家畜ふん堆肥のパイオニア
本多勝男先生
これから未来の堆肥のお話

家畜ふん堆肥は、
氏素性が明確な「天然有機肥料」

本多先生は、畜産環境整備機構 環境技術相談室長を長きにわたって務められ、現在は畜産環境アドバイザーとして国内外における講演や研修を通じ、畜産家・農家さんへの技術指導にあたられています。とりわけ、家畜ふん堆肥の研究、啓蒙・普及活動に40年近く取り組まれてこられた、まさに第一人者です。
先生の言葉をお借りすれば、平成11年の農業基本法の改正が、日本の農業の大きな転換点になったと。それ以前は、農作物の「増産・増量」を主眼に、安くて効果の高い化学肥料を畑にめいっぱい与えていました。結果、田畑の土は糖尿病ともいえる栄養過多に。このままではまずい、と「環境保全・持続型農業の推進」へ舵が切られ、減化学肥料・減農薬が求められるようになったと。そこから、消費者の安心・安全志向の高まりもあって、堆肥の需要拡大につながってきたのだといいます。
家畜ふん堆肥は、なにを食べさせ、なにが入っているか明確で、検査もしっかり受けている、いうなれば氏素性のはっきりした「天然有機肥料」。しかしながら、堆肥は田畑に塩害をもたらす(牛ふん堆肥の場合、含まれる塩基類はわずか1%。そもそも塩基類とは、いわゆる塩ではない)といわれたり。「こうした誤解を払拭し、使い方の改善に貢献することが私の務め」、ときっぱり語られました。

比重調整と切り返し作業が、
完熟堆肥づくりのカギ

まずは、完熟堆肥をきちんと定義づけておきましょう、と本多先生。堆肥化とは、家畜ふんを微生物が分解すること。さらにいうと、ふんの中の腐りやすい有機物を微生物が酸化分解するのですが、その際に発生する発酵熱によって病原菌や雑草の種子が死滅し、水分も蒸発。

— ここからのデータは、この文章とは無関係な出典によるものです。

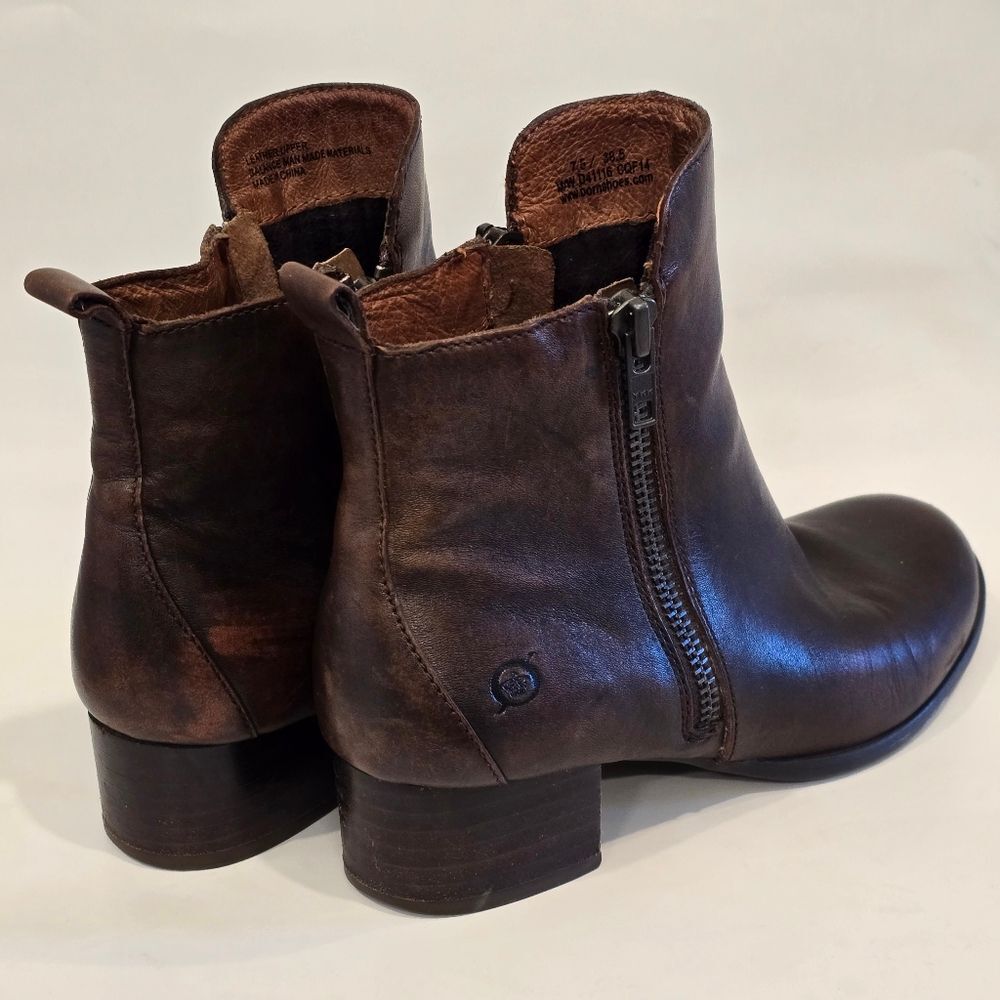 Born Ankle Boots Womens Size 7.5 Landa Brown Leather Booties - Picture 2 of 6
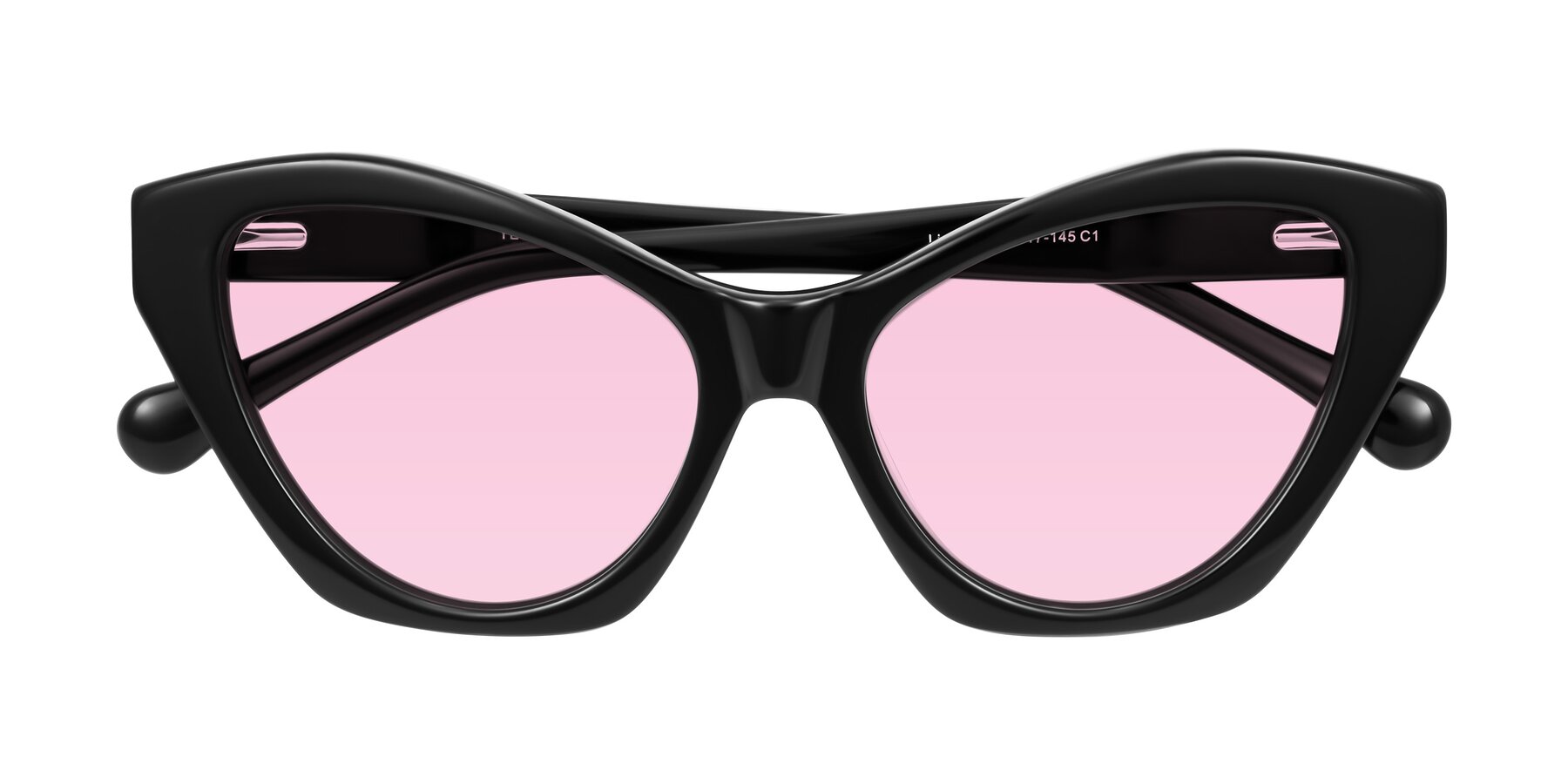 Folded Front of Limerick in Black with Light Pink Tinted Lenses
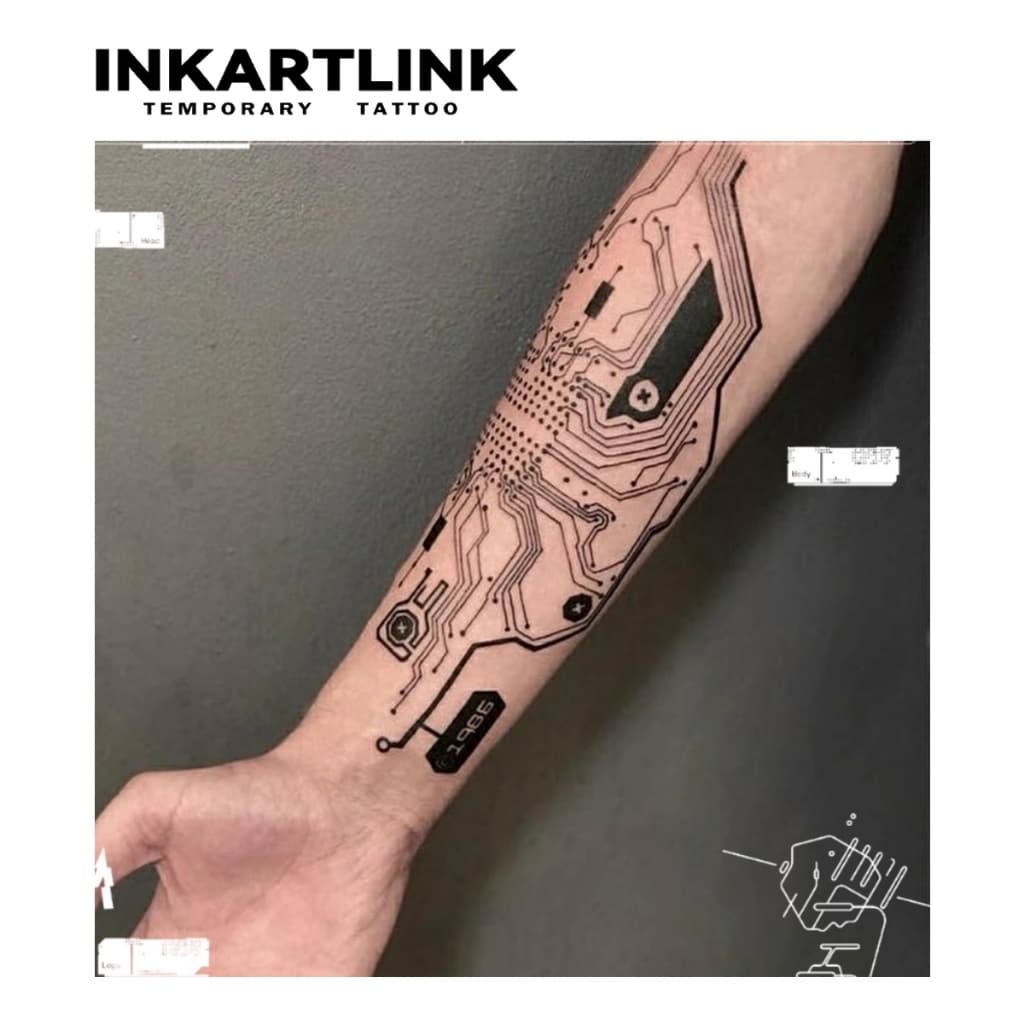 Inkartlink Long Minimal Lines Arm สติ๊กเกอร์รอยสักชั่วคราวสําหรับผู้ชาย, Big Waterproof Long-lasting Hand Magic Tattoo, Lasts ถึง 15 วันสักปลอม, ชุดสักกึ่งถาวร รูปที่ 3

そうして腐りやすい有機物の分解を終え、腐りにくい有機物と灰分、残り水分の混合物となったものを、完熟堆肥と呼ぶのだそうです。有機物をすべて分解してしまっては、無機物だけの化学肥料と同じになり、有機農業を行うことができなくなってしまう。堆肥の価値は含まれている有機物にあるのだから、腐りにくい有機物は残しておかなければならないのだと。
では、どうすれば、良質な完熟堆肥ができるのか。堆肥化には、酸素と適度な水分が必要なため、ふんにオガクズなどを混ぜ、通気性がよくなるよう隙間をつくり、ふんわりと山積みに。この通気性をしっかりと確保するうえでカギとなるのが、混ぜる材料との比重調整。目安は、10ℓのバケツに混合物を入れ、重さ6.5kg程度になるように。そう調整できれば、必ず活発な堆肥化発酵が起こります、と断言されました。
もうひとつ、山の切り返しも、できるだけ頻繁にと。山の表面をつくり直す、この作業を行うほど、まんべんなく酸素にふれて、発酵が早く進むから。月に1回切り返し、完熟化まで5カ月近くかかっているのだとしたら、毎週行うことで期間を半分くらいに短縮できるはずだと。その分、堆肥舎のスペースも縮小でき、いいことづくめだから、ぜひともと推奨されました。

写真上:三浦試験場における栽培試験
写真下:堆肥施用のちがいによるレタスの生育状況。左から、堆肥8年施用区、堆肥単年施用区、化学肥料区。

完熟堆肥が、土と作物にもたらす効果は

土づくりとは、作物にとってよい土をつくることにほかなりません。そのためには、水分と空気と養分を適度に含み、気温や日照、雨などの影響をやわらげる緩衝機能にすぐれていることが不可欠です。
完熟堆肥には、チッ素、リン、カリウム、カルシウム、マグネシウムなどに加え、鉄、亜鉛、銅、マンガン、ホウ素などの微量要素も含まれていて、作物への総合的な養分供給源に。また、田畑の微生物、とりわけ粘性の菌を増やして、土壌団粒化を促進。これにより、土がフカフカして作物の根が伸びやすくなり、通気性、排水性、保水性を両立しつつ向上してくれる。
さらに、土の化学性の改善や、微生物・虫などの増殖により土壌本来の緩衝能力も高める。「根がよく伸び、丈夫であれば、養分を吸収しやすく、病害にも強い。試験場などからの写真を見て、さすがにここまでちがいは? と思いましたが、信頼する後輩からのものだったので」と目を細められました。

完熟堆肥は、地域の農業を救う

「堆肥は、わざわざ輸送費をかけて届けてもらうものではありません。ですから、地域には堆肥を提供する畜産家がいなければならない。それがあってはじめて、農業の活性化がはかれ、耕畜連携を進めることもできる」。
東京や神奈川をはじめ、都市部で畜産家が減少する現状とこれからを心配しつつ、だからこそ良質な完熟堆肥をつくっていくこと。それをきちんと商品であると認識し、販売努力をしていかねば、と先生は訴えます。そのためには、良質な完熟堆肥のサンプルを配布したり。袋詰めにして価値を高め、販路を広げたり。アイデアを絞り、新たな可能性を導き出す、後押しをしていきたいと。
「農家さんからの堆肥へのニーズが高まっている、いまこそチャンス。若い人たちを中心に、土壌についてしっかり勉強される方も増えてきている。土の成分診断に基づき、必要な肥料を計算して施すような。完熟堆肥は天然有機肥料、といえどもバランスが大事だから」。